The art of not looking away
- Text by Megan White
- Photography by Mark Steven Greenfield
Mark Steven Greenfield’s art makes even his mum uncomfortable. The blackface, minstrels and slavery imagery make the viewer want to look away, but at the same time he locks the audience’s gaze by overlaying medical eye charts and hip hop lyrics.
Racism — and the need to keep confronting it — is at the heart of Greenfield’s art. Now Los Angeles’ California African American Museum is recognising his contribution to the debate with the first retrospective of work by the artist and former Watts Towers Arts Center and Los Angeles Municipal Art gallery director.
His “Blackatcha” is one of the most prominent series in the exhibition, “Lookin’ Back In Front Of Me.” This is the series in which he combines minstrels, eye charts and hip-hop lyrics.
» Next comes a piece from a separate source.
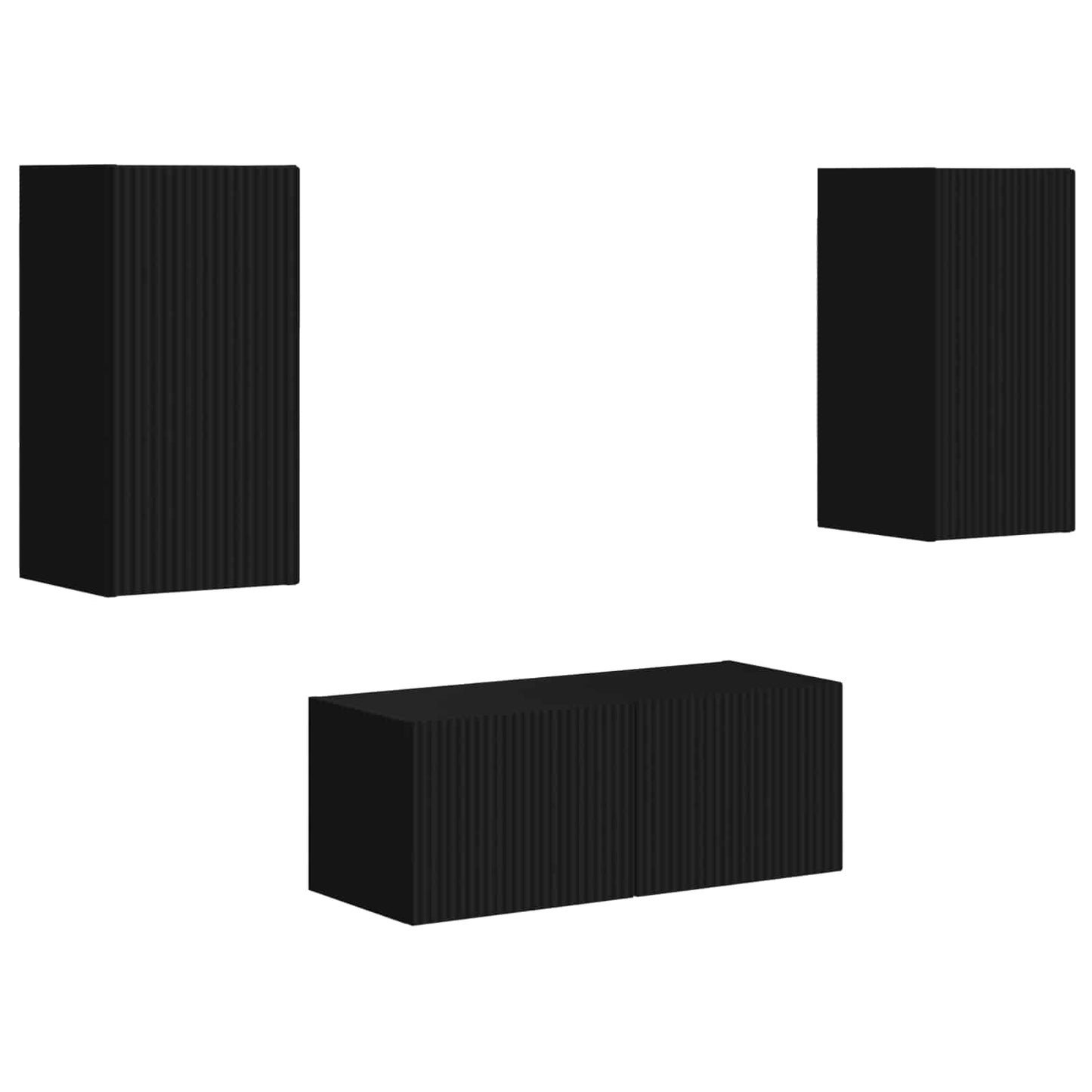 TV-Schrankset Wandmontiert 6 pcs Schwarz Holzwerkstoff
Greenfield has focused on minstrelsy since 2000 to examine the perception of African Americans, and has also taken the symbols of minstrelsy and transformed them into subversive geometric patterns.

Minstrelsy has always been provocative, and the practice of black-facing is representative of the wider issue that his work tackles – the institutionalised persecution of African Americans.
Minstrel shows were hugely popular —particularly before the American Civil War and the abolition of slavery — when they lampooned black people as dim-witted and buffoonish. Their lyrics and dialogue were generally racist, satiric, and largely white in origin. The shows didn’t stop with racism – they also ridiculed the idea of women’s rights.

Greenfield has substituted new lyrics, superimposing onto the sepia images thought-provoking lines such as “Don’t hate the playa, hate the game,” “You can’t judge a book by its cover” and “Imitation is not always flattery.” Even the title of the series, “Blackatcha,” suggests Greenfield’s intention to provoke discussion.
Greenfield levers the effects of institutionalised racism on young people to encourage dialogue around the historical persecution of black people. His use of blackface performers, influenced by the likes of Kara Walker and Michael Ray Charles, hits you on a visceral level. Greenfield hopes to get his children’s generation to look at difficult images and say “Oh, that’s important. That’s history.”

Despite four decades of work, until now he’s been better known as an educator than an artist. Greenfield’s work at Watts Towers Arts Center and the Los Angeles Municipal Art gallery was based on his research on literature, cinema, history, and the visual arts, and exploring African Americanism and the harmful stereotypes surrounding it.
The exhibition’s name is derived from the West African principle of sankofa, which teaches individuals to go back to their roots, in order to move forward. The exhibition includes over 100 pieces of Greenfield’s work, which show his artistic evolution over the past 40 years.
Lookin’ Back In Front Of Me: Selected Works of Mark Steven Greenfield 1974-2014 is a retrospective of the artist’s work, open at California African American Museum until April 5th.